While two types of people can often work well together without understanding the details of what the other has to do, this is generally not one of those situations. There are tremendous advantages to be had when data scientists and developers can share knowledge and learn a little more about what the other has to do and why they do things the way they do. This is to say that data scientists should strive to learn software development and work fully embedded in the delivery team responsible for delivery of production software. They don't need to reach full capacity in this regard but they should fully understand the basics and continue to learn in the areas most relevant to their work on the team.

They’ll find that using many of the techniques of software development actually makes them more productive as data scientists. They’ll find they can handle more complex tasks and spend far less time debugging when they structure code properly. Developers will find that they can make much better use of data science models and methods when they take the time to understand a little more about what is actually going on. Neither needs to become fully skilled in the other field but they should at least be competent in its basics.

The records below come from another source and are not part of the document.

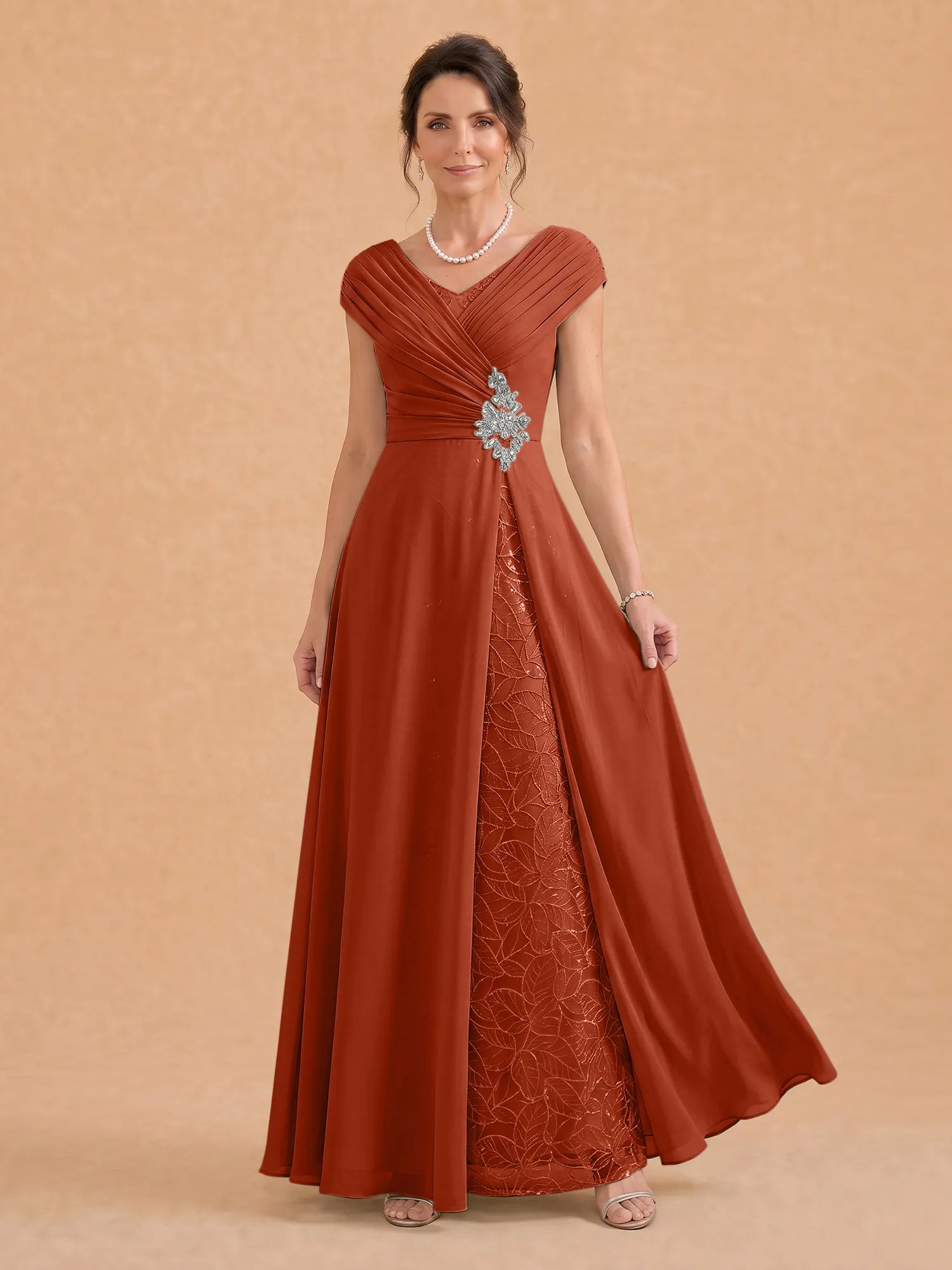 V-Neck Ruched Chiffon A-Line Mother of the Bride Dress with Crystal Brooch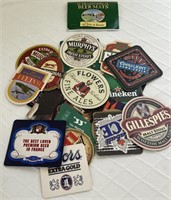 Group of beer mats from the pubs of Britain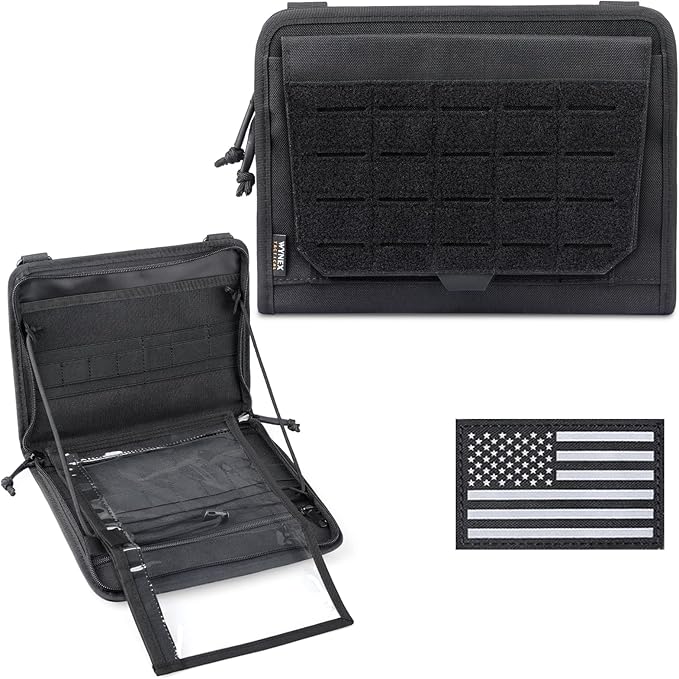 WYNEX Tactical Folding Admin Pouch, Molle Tool Bag of Laser-Cut Design, Utility Organizer EDC Medical Bag Modular Pouches Tactical Attachment Waist Pouch Include U.S Patch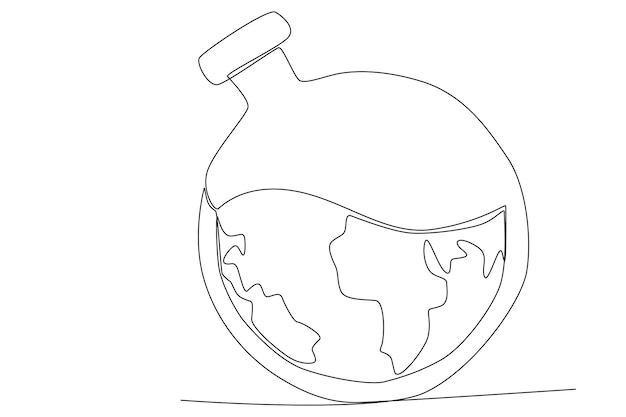 A jar filled with the earth in water shape one line art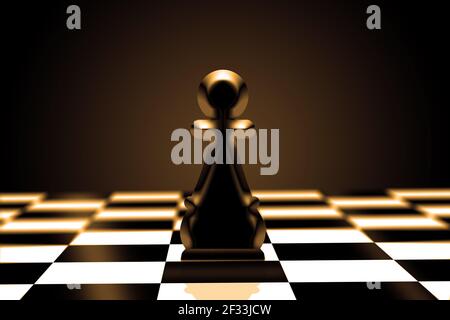 Un peón de pie contra un juego de ajedrez negro. solo contra muchos  enemigos, símbolo de lucha o lucha difícil, concepto de confianza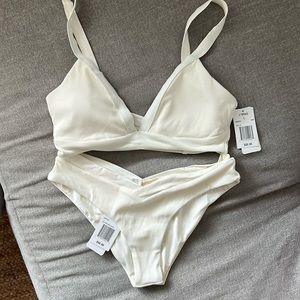 L*SPACE white ribbed bikini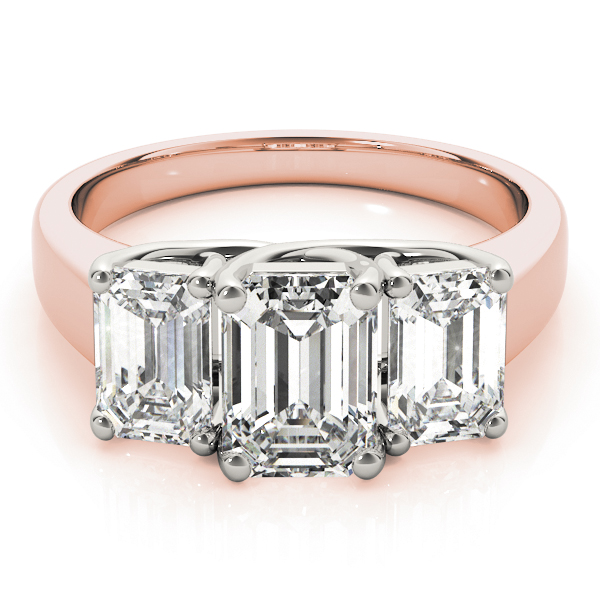 The Jacqueline Three-Stone Engagement Ring, set view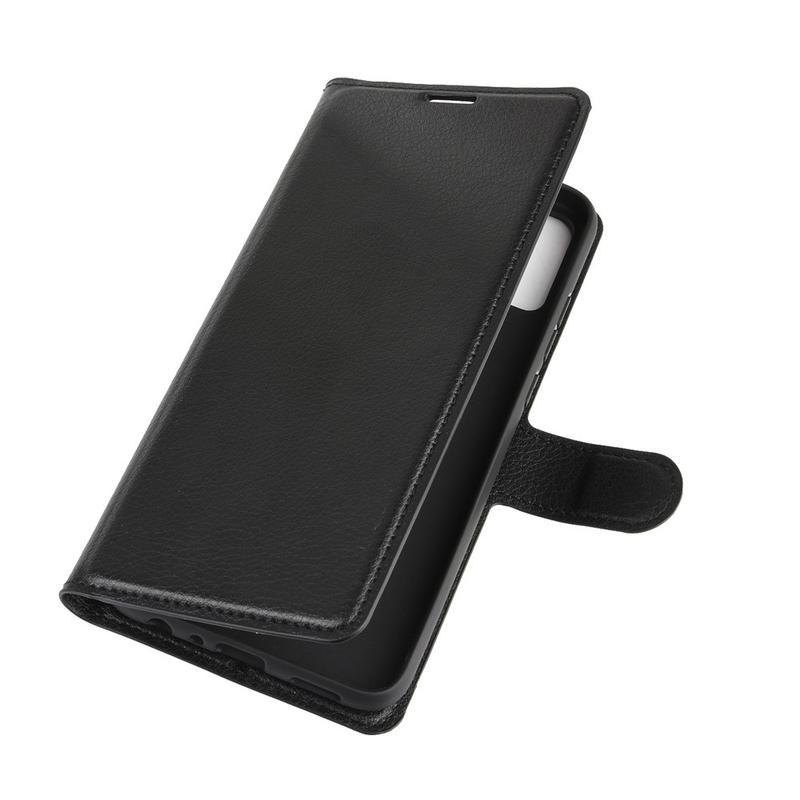 Litchi PU kožené peněženkové pouzdro na mobil Honor 9X Lite - černé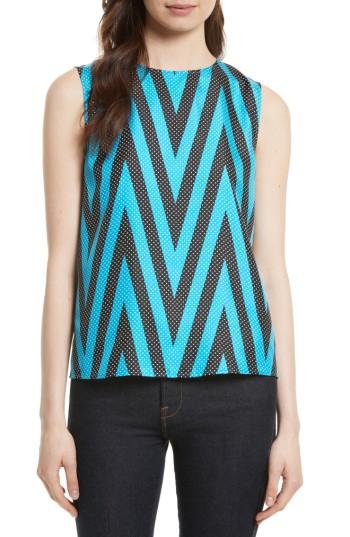 Women's Diane Von Furstenberg Chevron Print Silk Shell, Size - Blue
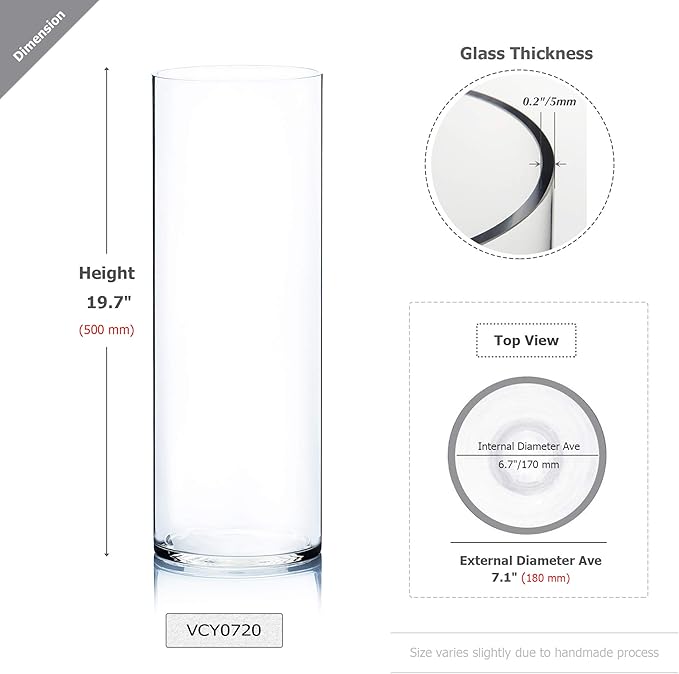 WGV Cylinder Vase, Width 7", Height 20", Clear Wide Large Diameter Flower Glassware, Floral Container, Planter Terrarium for Wedding Party Event, Home Accent Decor, 1 Piece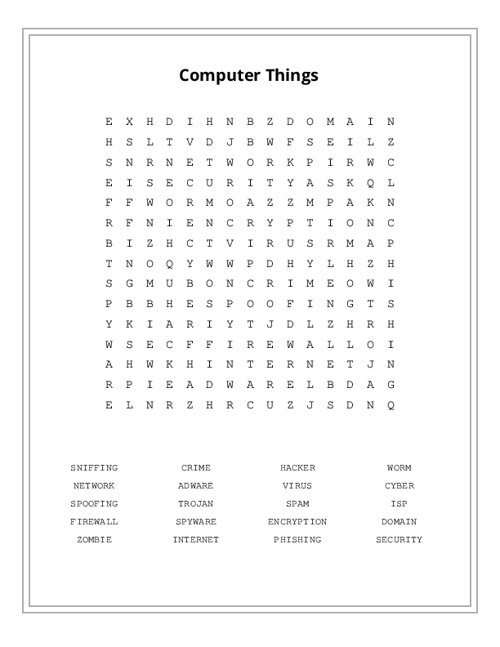 Computer Things Word Search Puzzle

Notebooks are useful tools for interactive data exploration which is the dominant activity of a data scientist working on the early phase of a new project or exploring a new technique. But once an approach has been settled on, the focus needs to shift to building a structured codebase around this approach while retaining some ability to experiment. The key is to build the ability to experiment into the pipeline itself. An example would be including a machine learning model registry which allows one to modify parameters at either run-time or build-time and stores results such as performance metrics in a data store. This has the advantage that experiments are always repeatable as they run with versioned code and their results are retained for purposes of comparison, and also as demonstrable markers of progress. This ensures that any difference in effect can be demonstrated to come from an intended cause which is the hallmark of any good experiment. The goal, after all, is to learn what changes to production software will create more business value. The smaller the gap between the environment of the experiment and the actual implementation, the more we can be confident that the change really creates value. Another key idea is to build data science pipelines so that they can run in multiple environments, e.g., on production servers, on the build server and in local environments such as your laptop. That enables even more possibilities of experimentation without disrupting anything happening in production.

To conclude, we believe the discussion of how to productionize data science notebooks is missing the point. The goal should be to empower data scientists and their entire delivery teams to come together and build software that delivers the required business functionality while still retaining the ability to experiment and improve. This requires moving out of notebook style development after the initial exploratory phase rather than making it a continuing pattern of work requiring constant integration support. This way of working not only empowers data scientists to continue to improve the working software, it includes them in the responsibility of delivering working software and actual value to their business stakeholders.